Sentado y sin preocupaciones, un hombre de impecable camisa blanca y sombrero del mismo color observa desde lo alto del balcón de su apartamento cómo los rayos del sol bañan el horizonte y se repliegan calentando lentamente a la ciudad de Cali; sentado y preocupado, un hombre de ropa raída y desgastada entrecierra los ojos como tratando de que no se le escape el sueño, perdido ya durante la noche por las innumerables vicisitudes que acarrea el viaje desde su natal resguardo indígena hasta la tercera ciudad mas importante del Colombia: Cali. El uno empuña un arma, el otro un bastón de mando. El uno desea disparar, el otro dialogar. Se intercambian balas por palabras. Injusto trueque. Las calles de Cali se convierten en un teatro macabro; muerte y desolación: los protagonistas; lamentos y quejidos: el reparto secundario. Al fondo, el himno nacional. Pero no, no cesa la horrible noche.

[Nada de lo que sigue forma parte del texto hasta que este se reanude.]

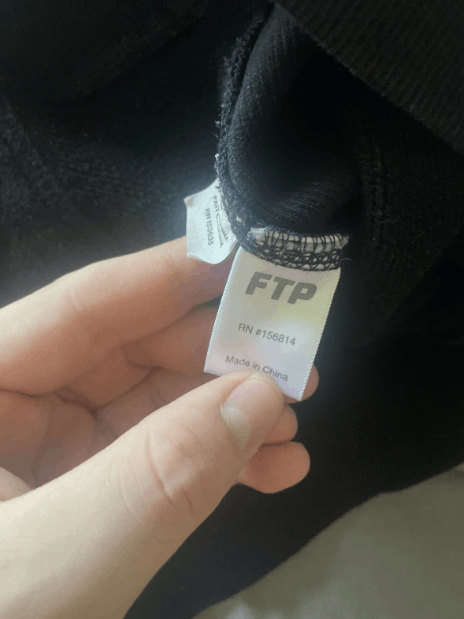 Fuck The Population FTP x Undefeated Hoodie All Over Size US M / EU 48-50 / 2 - 3 Thumbnail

Cali es un ejemplo de lo que la resistencia humana puede lograr cuando son las causas justas las que hacen latir el corazón de quienes deciden darlo todo marchando en las calles. Pero Cali también es un buen ejemplo de lo que sucede cuando la irracionalidad es mezclara con la barbarie. Un coctel, cual rojo de un Cosmopolitan, para el desastre.
Las imágenes hablan por sí solas: civiles armados disparando en ráfagas a la minga indígena (ver). Parece una imagen sacada de antaño, de otros tiempos; son los Hernán Cortes modernos, que, a falta de un arcabuz, se conforman con armas automáticas de alta cadencia y grueso calibre. En lo que hacen no hay honor alguno, pues solo existe cobardía en quien es capaz de dispararle a un inocente desarmado. No soportan ver al otro, al diferente. El odio los inunda cuando lo hacen; su vista se nubla, sus manos se arrugan y se convierten en puños que luego se teñirán con sangre inocente. Esa misma sangre que recorre hoy las venas de un ser que busca hacer valer sus derechos. Un ser que intenta desesperadamente reafirmar su dignidad, al tiempo que hace lo mismo con toda su comunidad.

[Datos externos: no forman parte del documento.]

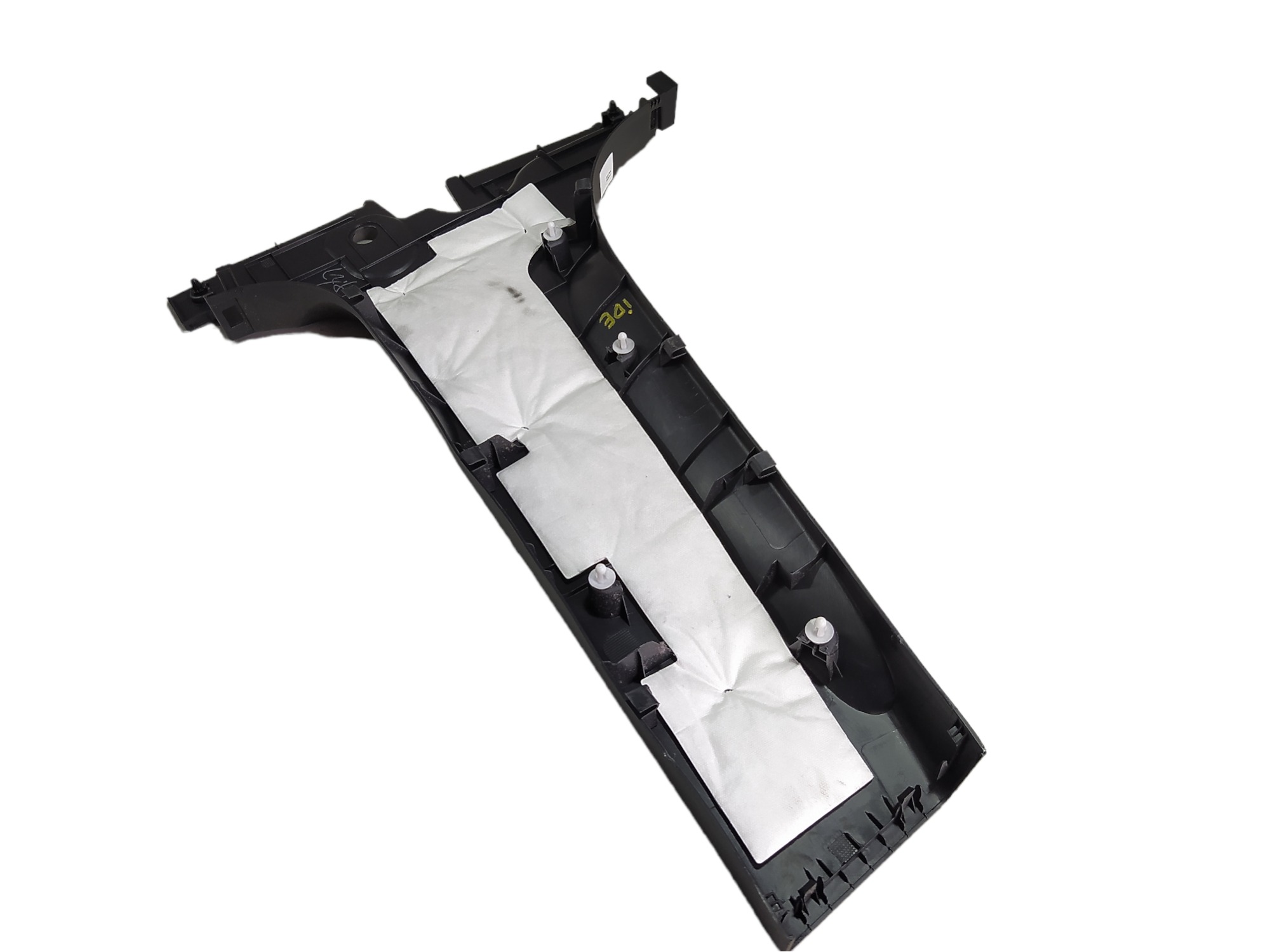 Coluna Central Inferior Esquerda Jac T50 1.6 16v 2019 V489 7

¿Por qué el odio? ¿Por qué la falta de empatía con un otro que reclama lo justo? El hecho de ser empático no significa otra cosa que experimentar compasión por un otro sin discriminación alguna. La comparecencia implica el reconocimiento del otro, de su esencia. Una esencia ajena, diferente a la propia que se devela como única. Cuando se es empático se funda la existencia del otro dentro de la conciencia de sí mismo. El uno y el otro son uno mismo. Quien niega al otro niega su existencia, pero también la de sí mismo. Luego, ¿no es necesario el otro para reconocernos como una mismidad? El otro, en consecuencia, es necesario para reconocer al yo. Reconocerlo como proyecto, como un ser inacabado, inmerso en una lucha constante por definirse.
Negar al otro es tarea sencilla; solamente se necesita fuerza bruta y nula capacidad moral para hacerlo. Afirmar al otro, sin embargo, es algo más complejo. Implica hacer un reconocimiento total del otro. Observar su rostro; verlo como un igual en todo sentido. Reconocerlo como un sujeto libre que ha de hacerse así mismo, consigo mismo, pero también, en sociedad. Aquellos que buscan la negación del otro, al punto de llegar a contemplar su aniquilación, solo muestran con ello su habilidad para castrar las libertades ajenas. Libertades de realización. Libertades de definición.
Libertad, esa palabra escrita en paredes y cartulinas que todos anhelan llegue algún día a este país. Hoy es más necesaria que nunca. Pero es mas necesario hoy corazones dispuestos a latir por ella y pies prestos a olvidar el cansancio recogido en las calles de tanto marchar y resistir. Resistencia, necesaria. Libertad, imprescindible. Empatía, la solución.